If you can load the code into IDA or some other visual disassembler (I haven't used any other ones; sorry), you can get a list of code that links to it. I've never tried to disassemble SNES games using IDA, though, so I dunno how much of a pain in the ass it is to load. I think gocha wrote something to make it easier? https://github.com/gocha/ida-snes-ldr
MESHUGGAH
Other
Skilled player (1919)
Joined: 11/14/2009
Posts: 1353
Location: 𝔐𝔞𝔤𝑦𝔞𝔯
I see some potential in this, but also many problems (TL;DR: nearly same as greysondn's response). Currently what I see as problems: - False positives -> But on closer inspection it was part of a leftover debug thing disconnected from the rest of the game. - Doesn't works for unknown glitches at the first time, only after discovering and trying to defining how to search for it (NES DPCM) - Obfuscated codes Regarding L+R/U+D instant crash on NES is a common issue especially (edit) on not famous game ones. Sometimes you need 3 directions at once, because of differences of implementing it. edit: I would add that this post written based on my J2ME experience, as in porting back the .jad file to .jar and examining the converted code. Probably there is no code obfuscation in old platforms. Also I avoided timing based glitches for obvious reason as it can't be read out from source/compiled code.
PhD in TASing 🎓 speedrun enthusiast ❤🚷🔥 white hat hacker ▓ black box tester ░ censorships and rules...
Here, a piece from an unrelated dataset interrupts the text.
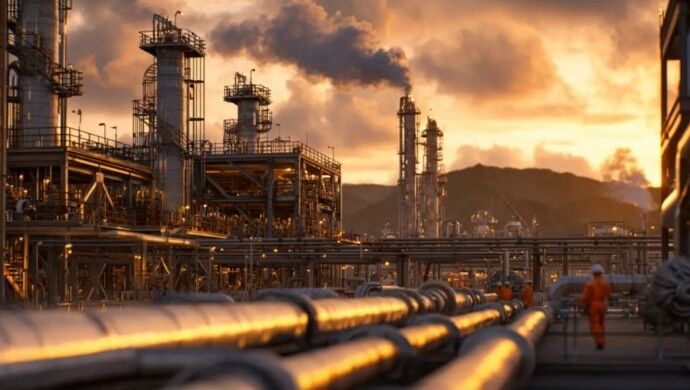 Abd Iran Petrolu Satis Izin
Post subject: Re: Mass glitch hunting through Regex searches?
Jigwally
He/Him
Active player (428)
Joined: 3/11/2012
Posts: 119
Yeah, on closer inspection a lot of the hits in the list really were false positives. I still think this has potential but I have to be more intelligent about how I do it. For example I was previously attempting to use regular expressions that identified the memory address containing input based on its proximity to a load from $4016, put it into a capture group, & looked for another function that isolated directional data & transferred it to X or Y (for indexing from a table). My "holy grail" was to find a case where the game indexed a jump table with this data, & therefore I could get it to jump to a glitched address which could potentially be leveraged into an ending skip or even ACE. But I'm not sure such a glitch exists in any NES games.
Kles wrote:
If you can load the code into IDA or some other visual disassembler (I haven't used any other ones; sorry), you can get a list of code that links to it. I've never tried to disassemble SNES games using IDA, though, so I dunno how much of a pain in the ass it is to load. I think gocha wrote something to make it easier? https://github.com/gocha/ida-snes-ldr
Yeah the disassembly methods I've been doing are probably super inefficient. I don't use any kind of disassembler or even bother to assign symbols to anything in the emulator debugger. I probably need to learn how to rewrite everything as an annotated .asm file if I want it to be useful to other people.
Personman
Other
Joined: 4/20/2008
Posts: 465
This is a pretty brilliant idea, even if it mostly produces false positives in its current incarnation — even if just that single discovery in Championship Pool turns out to be real, it'll have proved its worth. It also made me wonder if anyone has tried fuzzing old games. It would take some work to define what an interesting outcome looks like, and you probably wouldn't get great results if you started from power-on — but what if you took an existing TAS as a source of valid states, and started from those?
A warb degombs the brangy. Your gitch zanks and leils the warb.